# Efficient Use of ProASIC Clock Trees

One of the main architectural benefits of ProASIC is the clock tree. Each device of the ProASIC FPGA family offers 4 global trees. Each of these trees is based on a collection of spines and ribs that reaches all the tiles in their regions (Figure 1). This flexible clock tree architecture allows users to map up to 56 different internal/external clocks in an A500K270 device. Table 1 summarizes the total number of clock spines available for each device.

This application note focuses on the use of these clock trees and spines to meet the requirements of clock intensive applications. It starts with a brief review of the ProASIC routing architecture using a global to route a high-fanout clock. It also gives design recommendations to exploit these low-skew routing resources and to deal with timing-critical high-fanout signals.

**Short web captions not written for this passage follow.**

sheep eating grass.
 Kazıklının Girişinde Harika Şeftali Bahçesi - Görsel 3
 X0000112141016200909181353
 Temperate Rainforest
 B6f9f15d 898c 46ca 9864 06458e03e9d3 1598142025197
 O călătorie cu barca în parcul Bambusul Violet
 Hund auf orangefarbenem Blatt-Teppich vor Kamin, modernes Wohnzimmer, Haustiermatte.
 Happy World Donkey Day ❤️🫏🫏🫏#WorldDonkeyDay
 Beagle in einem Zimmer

Figure 1 • A500K130 Global Routing Resources

**Table 1** • Distribution of Spines per ProASIC Device

| Device   | Number of Global<br>Networks (clock Trees) | Number of Spines<br>per Clock Tree | Identification of<br>Spines | Total Number of Spines in the Die |
|----------|--------------------------------------------|------------------------------------|-----------------------------|-----------------------------------|
| A500K050 | 4                                          | 6                                  | T1T3 & B1B3                 | 24                                |
| A500K130 | 4                                          | 10                                 | T1T5 & B1B5                 | 40                                |
| A500K180 | 4                                          | 12                                 | T1T6 & B1B6                 | 48                                |
| A500K270 | 4                                          | 14                                 | T1T7 & B1B7                 | 56                                |



## **Background**

Designers typically pay close attention to clock tree structures during their evaluations and design decisions. Although many FPGA devices offer several clock trees, they are used as full segments; i.e., users cannot split these segments to handle multiple clocks. The most sophisticated FPGA architectures offer quadrant clocks as the only remedy for this limitation (none of them allows users to split these wide segments). ProASIC devices provide an innovative architecture for global routing trees, allowing users to split them into spines for routing either internal/external clocks or high fanout nets.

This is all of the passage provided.